1 point to YouTube commenter

In this product showcase from Corning – that io9 has dubbed “creepy” – we are presented with a world that benefits largely from the ubiquitous integration of touch-enable data displays integrated into every day glass surfaces. It’s beautiful and I want to live in this version of the future, but I think the first YouTube commenter summed up a nagging feeling in the back of my mind best:

BUY STOCK IN WINDEX NOW!!!

Aside from the impossibly clean houses, cars and public spaces that Corning seems to envision, I am also curious about how we are powering more and more screens at bigger and bigger sizes.  How are we producing all of this glass and where?  And who has access to the technology aside from the conspicuously diverse group of under 40s actors who portrayed “the near future”.

They may always end up as fodder for Paleofuture, but these videos sure do encapsulate the nearly Utopian dreams of our modern society, don’t they?

Evolution of Social AI

io9 asks the question “What can science fiction tell us about the future of social media?” by first defining social media as any communication that can be easily repurposed and shared without being tethered or hindered by a static form.  In that way, the entirety of our online content is social.  This realization serves to underline just how dramatically vast the body of this mostly un-studied cultural force really is.

As part of a panel at SXSW, futurists, bloggers and authors from the world of Science Fiction were brought together to discuss what lessons our stories of the coming years can teach us.  A common thread throughout the conversation was the unintended establishment of a permanently stored record of an increasingly blurred set of identities for each individual.  By contributing to a collective dialogue through reposting, commenting, sharing, etc we are each always leaving a record of ourselves in an internet overmind – no matter what facet of ourselves is operating at that time of the day.  Where do we go when the lines between personal and professional, work and family, home and afield, student and teacher blur to indistinction?  And how do we reconcile the statements made on and off the clock when they all aggregate in a single feed?

[…] citizens of this society […] have taken back user control by inventing new internal organs which are constantly negotiating privacy settings in every social situation.

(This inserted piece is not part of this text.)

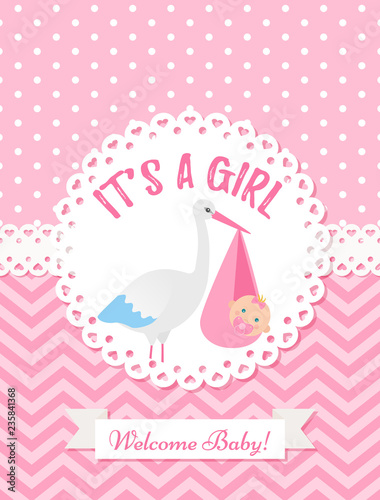 Baby Shower Girl Card Vector Baby Girl Design Cute Pink Banner Baby Shower Girl Card Vector Baby Girl Design Cute Pink Banner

– article author, Annalee Newitz discusses The Quantum Thief

The quote above sounds far-fetched but you could switch “organ” out for “context-aware mobile device” and arrive at our current point in time.  Will we develop even more ways of dealing with the need to continually censor and compartmentalize as more and more of our lives is permanently stored and readily accessible?   Will it matter to the next generation?  Already, I care very little about what others know of me and share to the point of consternating my significant other on a regular basis.  Will this be the new normal for society when the newly minted adults that are currently high school and college students take the reigns of a world that has always been social?